De Villiers did not put the lack of adjustment down to personnel problems, instead insisting South Africa have the right mix of players involved in their preparation for the World T20, which started with the tour to Bangladesh last month.
"From a players point of view, I feel we have covered the bases. We went to Bangladesh and won 2-nil there which was massive - everyone knows Bangladesh are playing great cricket at the moment and that's where we are going to play the World T20 as well in sub [continental] conditions," he said. "Some new guys got a chance like Eddie Leie, who got to bowl again and Kagiso Rabada, who was able to keep building on what he has been doing."
Rabada has earned most of the plaudits from South Africa's recent limited-overs matches for his raw pace, ruthless short ball and resourceful variations which have twice, allowed him to come back from a poor start to finish with respectable figures. In the first match, Rabada's second over cost 12 runs, two fewer than his next two overs, which included two wickets. In this game, he conceded 13 runs in his first over and 17 runs in the remaining three overs, which included three wickets.

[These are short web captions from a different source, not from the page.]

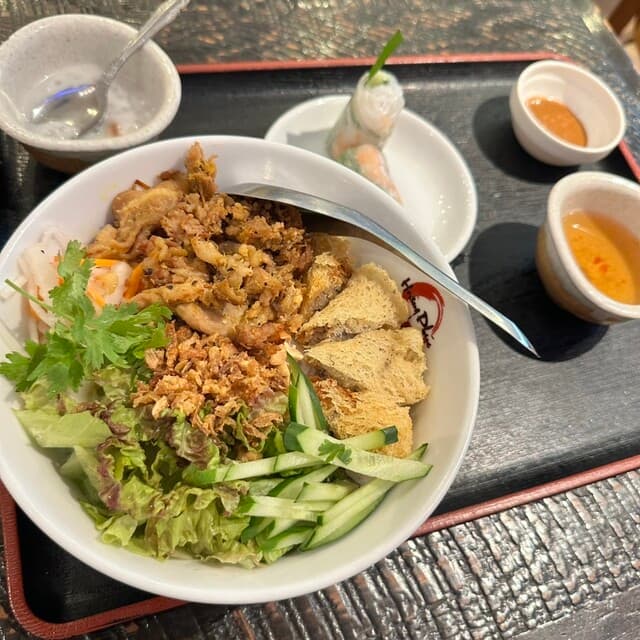 Quán ăn Việt Nam Hoanq Phuc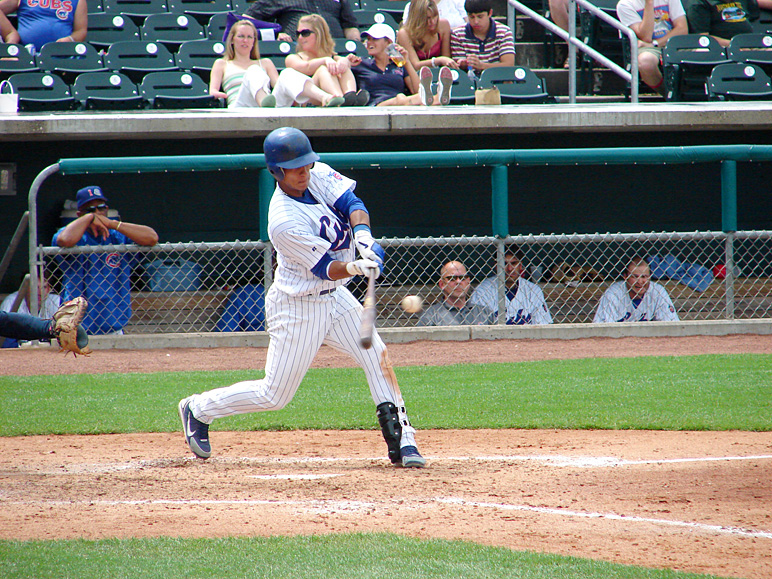 Ronny Cedeno again, this time at bat (353.02 KB)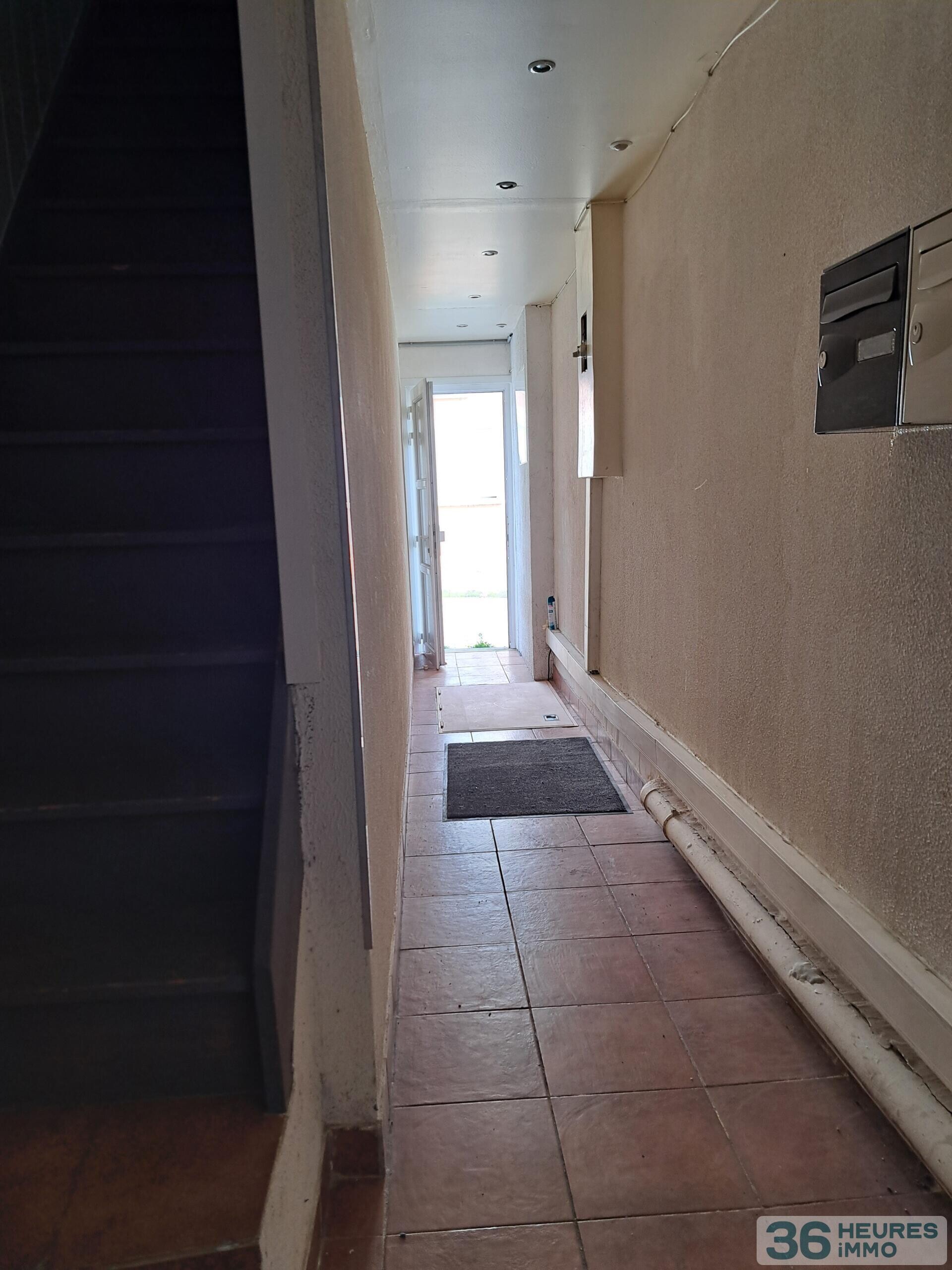 ENSEMBLE DE LOTS A RENOVER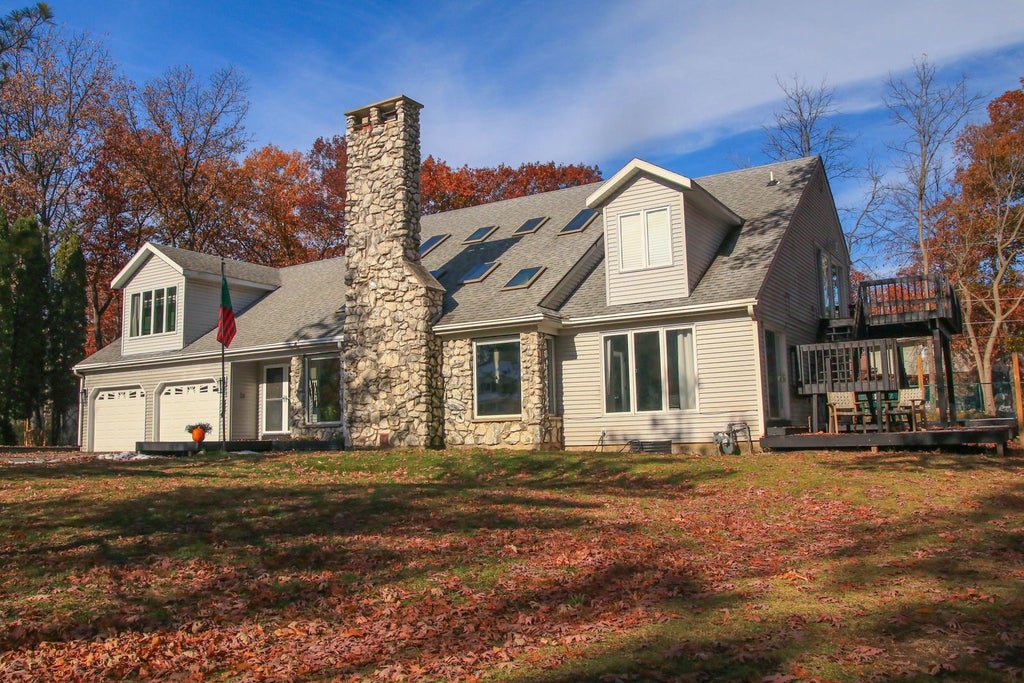 129 Cornwall Drive, Crete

Both these experiences have taught Rabada that there is "very little margin for error," in international cricket and "you have to be on the ball every ball." He has already identified that he "needs to work on," the way he starts.
The maturity in making that self-assessment is why Rabada is regarded as the next big thing in South African bowling. Not only is he more than good enough but he already knows where he wants to improve. "He has a bright future and he knows that but he also knows there is a lot of hard work around the corner for him," de Villiers said. "He has got the backing of the whole side, especially the senior players and the management group. We are excited to see him grow into a great player one day."
De Villiers has already taken on the role of one of Rabada's advisors and in this match, gave the bowler the freedom to crank it up in his final over - which resulted in two wickets in two balls. "AB gave me freedom in that over. He just said, 'do whatever you want.' It shows that he backs me and so does the rest of the team," Rabada said, before quickly clarifying that de Villiers does not issue instructions. "It's not like he tells me what to bowl all the time, he comes up with suggestions and most of the time they are right anyway."
Suggestions come from other quarters, too, because Rabada has accepted "everyone as a mentor because these guys have been playing for a long time," he explained. "They have competed very well. They've been the best in the world and I grew up watching them so everyone is a mentor to me."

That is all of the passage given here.